What ARC-AGI-3 actually tests
ARC-AGI-3 is the third benchmark in the series created by François Chollet, co-founder of the ARC Prize Foundation. The previous two iterations tracked progress on static pattern recognition tasks. This one is different in a meaningful way.
ARC-AGI-3 uses interactive, turn-based environments where an agent must explore an unknown space, infer what the goal is, build a working model of how the environment operates, and then plan action sequences to reach that goal. No instructions. No language cues. No external knowledge the model might have memorized from training data.
The benchmark is built around what the researchers call "Core Knowledge priors" — the basic cognitive building blocks humans share regardless of education or cultural background. Spatial reasoning. Object permanence. Cause and effect. The tasks were calibrated through extensive testing with human participants, which is where the 100% human solve rate comes from.
The below-1% score for frontier AI is not a rounding error. It is the score.
The gap between claims and performance
The ARC Prize Foundation defines AGI as a system that can match the learning efficiency of humans. By that definition, and by the benchmark they built to measure it, no current frontier model is close.
This matters because the past two years have produced a steady stream of capability claims from AI labs: human-level performance on professional exams, reasoning ability comparable to expert practitioners, agentic systems that can handle complex multi-step tasks. Some of these claims are accurate within the narrow domains tested. ARC-AGI-3 measures something different — fluid adaptive intelligence on genuinely novel tasks, the kind of generalization that humans perform almost automatically.

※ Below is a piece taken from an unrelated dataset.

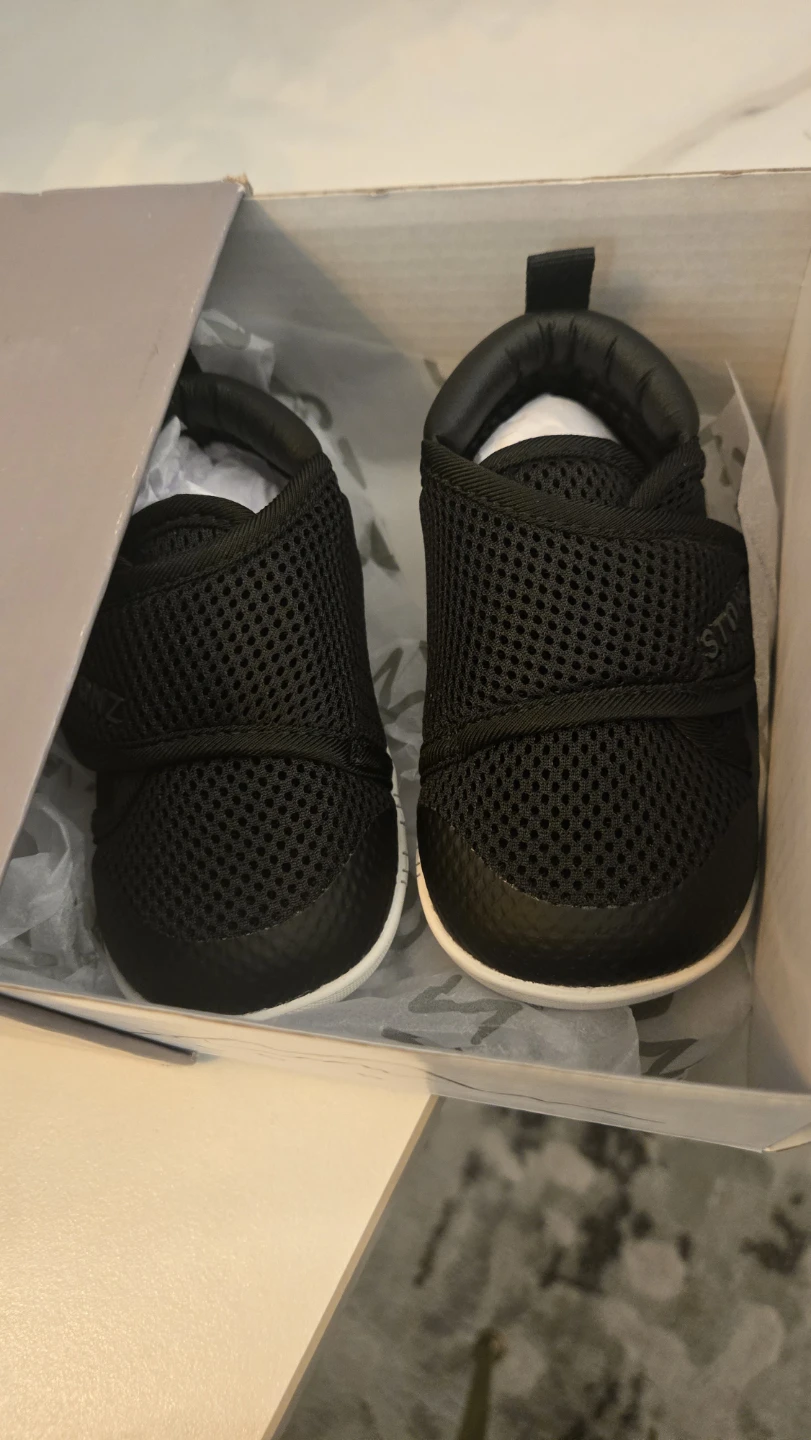 Stonz Baby Shoes - Black - Size 5 - photo 2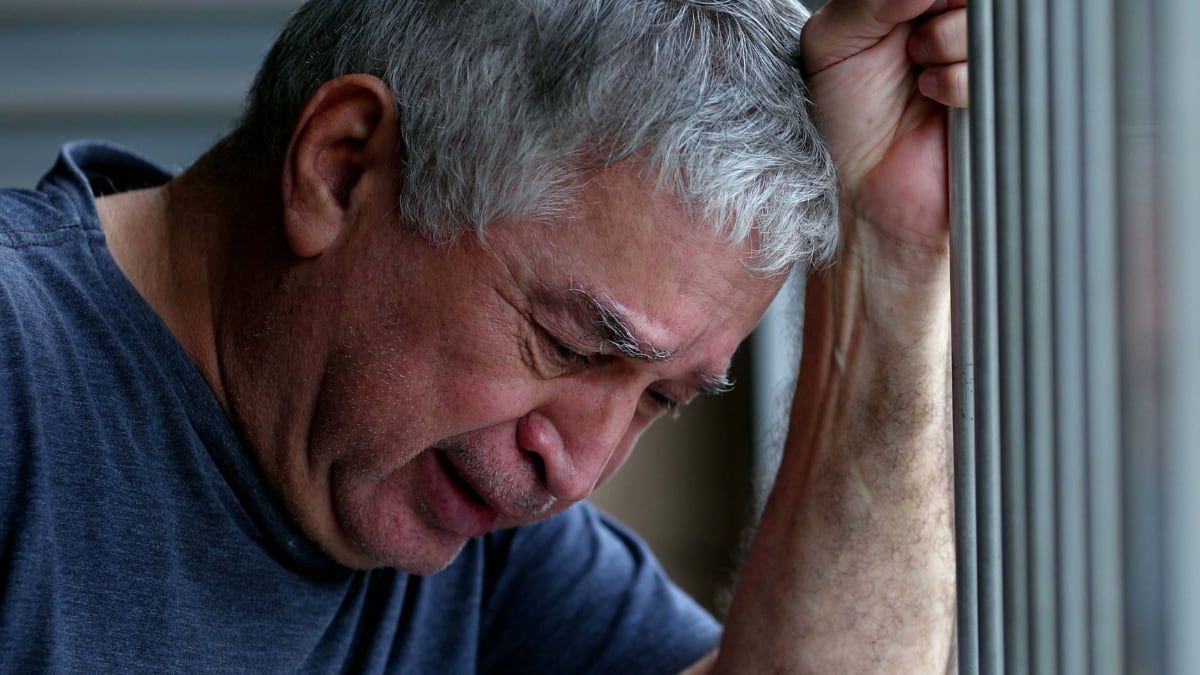 Un hombre llorando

Watch how labs typically present benchmark results. When a model achieves high scores, the benchmark gets cited in product announcements and investor materials. When scores are low, the standard response is that the benchmark doesn't capture real-world utility. The ARC Prize Foundation has anticipated this: the human solve rate is 100%. These aren't obscure or poorly designed tasks. Every human test-taker solved them.